Becoming a Laidlaw Scholar has prompted me to give greater consideration to my post- university career. Whilst the programme has provided tangible benefits- the bespoke leadership training and practice of doing real research- it has also had an immense psychological effect, encouraging me to consider the full range of options available after university.

Prior to the programme, I had given limited thought to the idea of pursuing postgraduate study and I was largely under the impression that I would enter the world of work after graduation. However, my experience has made me consider the prospect of pursuing a career in academia and has led to me being more proactive in assessing the various options available to me. I feel this is one of the reasons the programme is truly great, it doesn’t merely increase academic development but also forces participants to consider their personal development and begin to address the difficult questions surrounding the F word- future. My blog post will link the Laidlaw Scholarship to this daunting word and discuss what I want to gain from the scholarship programme over the next 18 months and where I hope it will take me further down the line.

The autonomy to pursue a research topic of interest was what was initially enamouring about the Laidlaw Scholarship. My research into democratic backsliding in Hungary has been incredibly fulfilling and I am grateful for the opportunity to be able to devote time to such an important topic. As I dug deeper into my chosen field, I began to consider the possibility of publishing an academic paper- a mammoth task no doubt but one that has been heartily encouraged by my supervisor, Dr Mateja Peter. However, to do so, we are in agreement that my research cannot be restricted to the summer but must be given attention throughout the academic year also. Here, the autonomy and freedom associated with the scholarship programme is key- my initial plan to examine the EU’s responses to democratic backsliding in Hungary over two summers has evolved into a year-round examination of the demonization of Hungarian businessman George Soros with the potential for producing published academic research at the end. My research will undoubtedly change as I go through the gears which the freedom of the programme allows for and even encourages. The future looks bright with regards to my time as a Laidlaw Scholar- I may end up producing an academic paper (something that would have seemed ridiculous for me a few months ago) but even if I don’t achieve this the leadership skills and research experience provided by the programme are an end in themselves.

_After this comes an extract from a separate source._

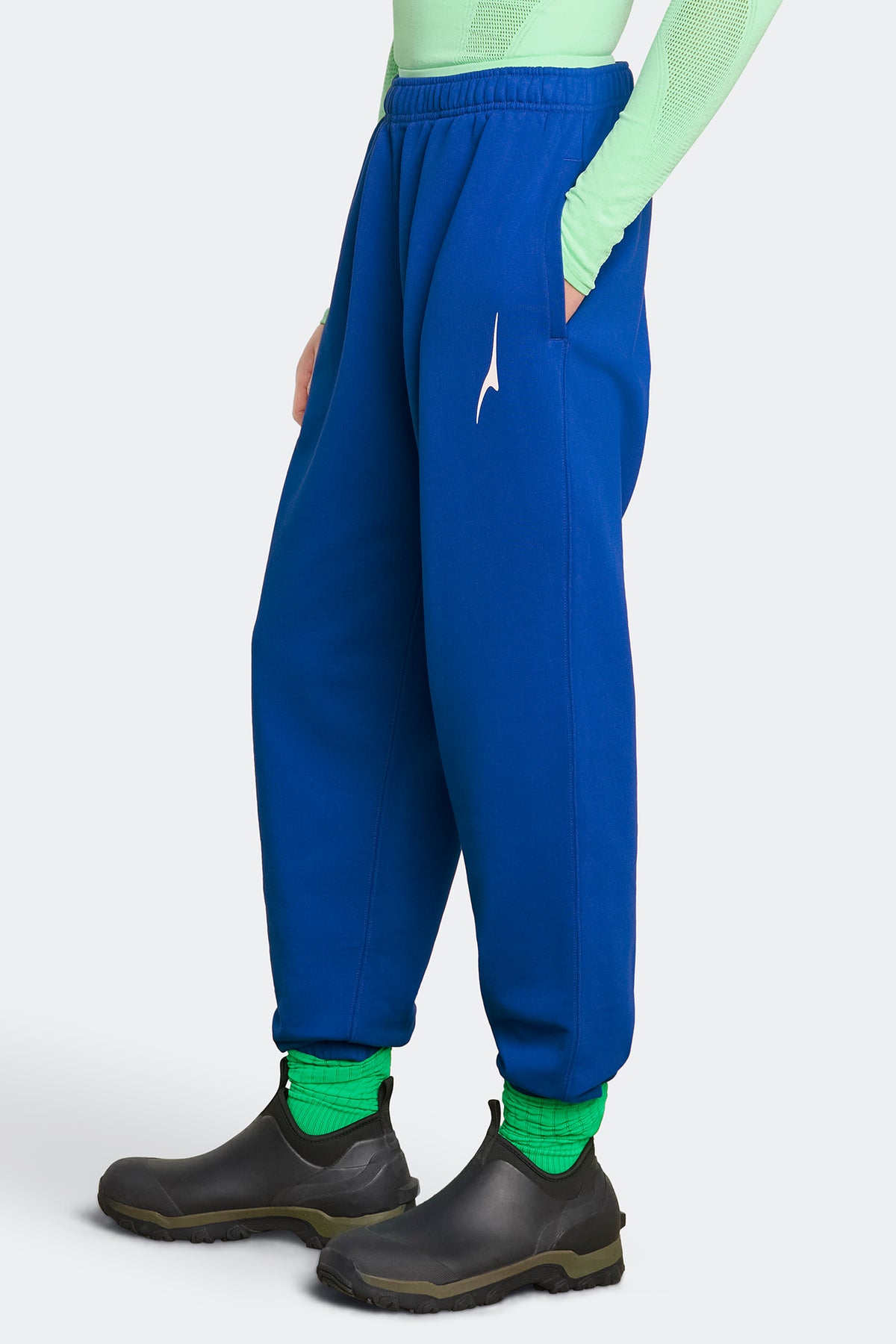 Rigel Jogger - Marine Cobalt 9004 - on_side_01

In the long-term, the Laidlaw Scholarship has led to me to genuinely consider the prospect of dedicated postgraduate study. I have developed a love for the process of research- the feeling of enlightenment when solving the miniature puzzles each and every researcher poses to themselves everyday is comparable to no other. I have also developed a greater understanding of the vocational aspect to research and how it shapes public policy and also changes lives. A massive part of the Laidlaw Programme is self-reflection and I feel it is the duty of each scholar to take time to reflect on their experience so far and consider how it may shape their future (the blog aspect provides a perfect opportunity to do this). Since finishing- up my research, I have begun the process of planning for my future, meeting with a career advisor to investigate the possibility of postgraduate study in the US. I have also reached out to friends who currently study in the US for advice and have earmarked certain programmes and schools that I feel are compatible with me. One of the big lessons I have taken from my time as a scholar thus far is that the future is right now and I have subsequently been more proactive with planning ahead for my desired path post-university. This directly links in with the leadership aspect of the programme- great leaders must know who they are and where they are going. Whilst I am not fully there yet, the Laidlaw Scholarship has helped me gain a better idea of both these things.

I would like to thank the team at CAPOD for their help and support thus far. I would also like to thank Dr Mateja Peter for her patience and guidance.